There is no place in America that is more “about the music” than Louisiana. While it is true that New Orleans was the sweet spot for those responsible for the birth of several distinct genres of music, Louisiana, in its own right, has served as a fountain of inspiration for generations of musicians and songwriters. It is where “it” all comes together–where the dry meets the moist, where the crackling heat of the cotton field converges with the murky depths of the swamp. Where the crunch of gravel under the boot binds with the squish of mud between the toes. “It” can be heard and felt in the music of Louisiana. In one form or another, the accordion has been a part of the texture and grit of Louisiana, for a long time.
Singer/Songwriter, multi-instrumentalist and keyboardist Steve Conn has been a part of that, as well. Originally from Pineville, Louisiana, he is the son of a professional musician, southern and western swing fiddle player, “Peanut” Conn. Steve began to learn his craft early, and decided to pursue music and songwriting as a profession. He followed through at Louisiana State University, choosing a foundation of coursework in Literature. Since then, he has worked constantly as a writer and musician, moved from Louisiana to Colorado, and then on to Los Angeles. He finally settled just outside of Nashville, Tennessee in 1993, and it has been his home base ever since then.
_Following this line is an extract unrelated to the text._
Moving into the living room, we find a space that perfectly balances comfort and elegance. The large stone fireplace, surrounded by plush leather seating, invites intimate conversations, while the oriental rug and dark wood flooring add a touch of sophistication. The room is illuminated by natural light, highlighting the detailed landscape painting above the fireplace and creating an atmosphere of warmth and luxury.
He spent two years as musical director for E-Town, a weekly National Public Radio variety show based in Boulder, Colorado that has since become an Americana institution. Conn enlisted a roster of great artists, a tradition that continues today, that included James Taylor, Michelle Shocked, Shawn Colvin, David Wilcox, Maura O’Connell, Emmylou Harris and by now, hundreds of other musicians. He also continued to perform as a solo artist during that time, as well.
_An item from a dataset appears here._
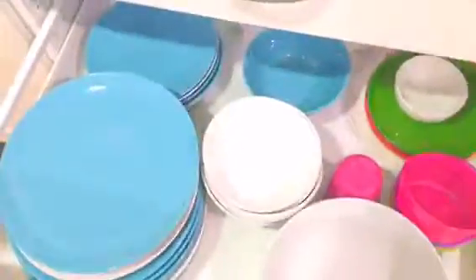It has a refrigerator, a stove, and comes with silverware, dishes, and pots and pans. There's a sink and a dishwasher, and a nice bathroom.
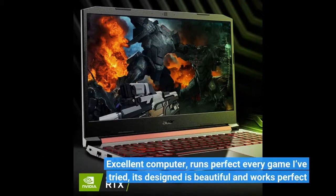Excellent computer. Runs perfect every game I've tried. It's designed beautifully and works perfect.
Steve has used the accordion as a session musician and front man, performing with the best in the business. He has performed on 10 Grammy nominated albums with a cadre of artists including Bonnie Raitt, Sonny Landreth, the Dixie Chicks, Nanci Griffith, Kris Kristofferson, Billy Joe Shaver, Mark Knopfler, Kenny Loggins, Albert King, Marshall Crenshaw and many others. Steve Conn received a Grammy nomination for his piano, harmonica and saxophone contributions with BeauSoleil, and another for his work on accordion with Arlo Guthrie. He, along with Sonny Landreth, were nominated for a 2018 Grammy Award in the Contemporary Blues category for “Recorded Live in Lafayette”.
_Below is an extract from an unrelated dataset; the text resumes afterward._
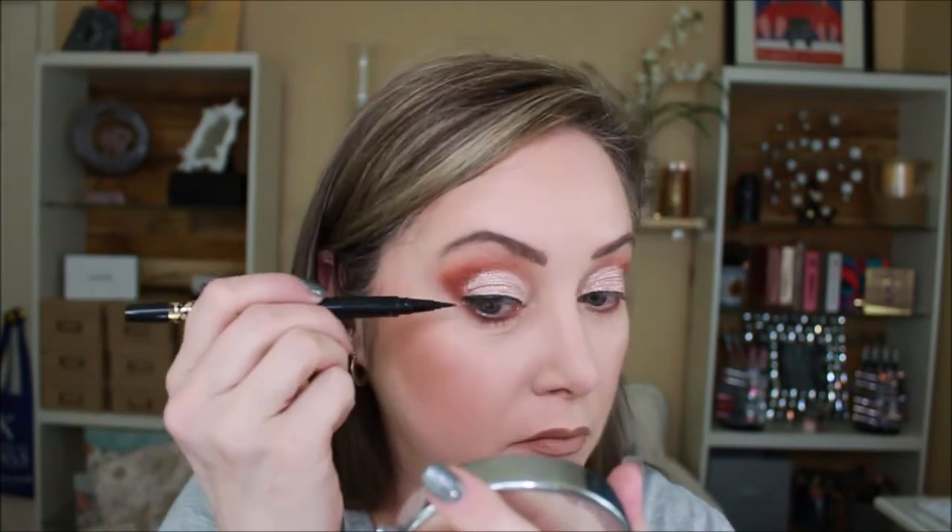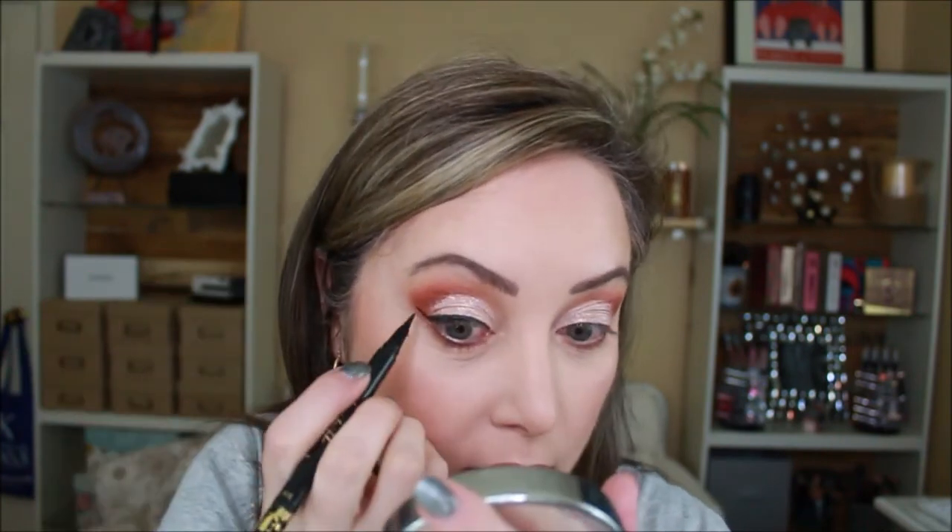I'm not sure what I want to do for eyeliner. I'm gonna go ahead and use this Tardist dual-sided liner and pick up the liquid side. I only wanted a baby flick but that ended up not being a baby flick at all — looks like it's gonna be a dramatic day because those are huge.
With his old friend from Louisiana, the great slide guitarist Sonny Landreth, Steve collaborated on “Beautiful Dream”, from which the song “Let the Rain Fall Down” is drawn. He says. “I’m writing for people who have lost at love but know that love is still the greatest force of all….I’m writing for people who are trying to find the best in themselves and in the world, people who get up and try again, over and over, because they know on some deep and ancient level that it’s all just a beautiful dream even when it seems like a damn nightmare.” Only through music can one even begin to express such complexities of the human spirit.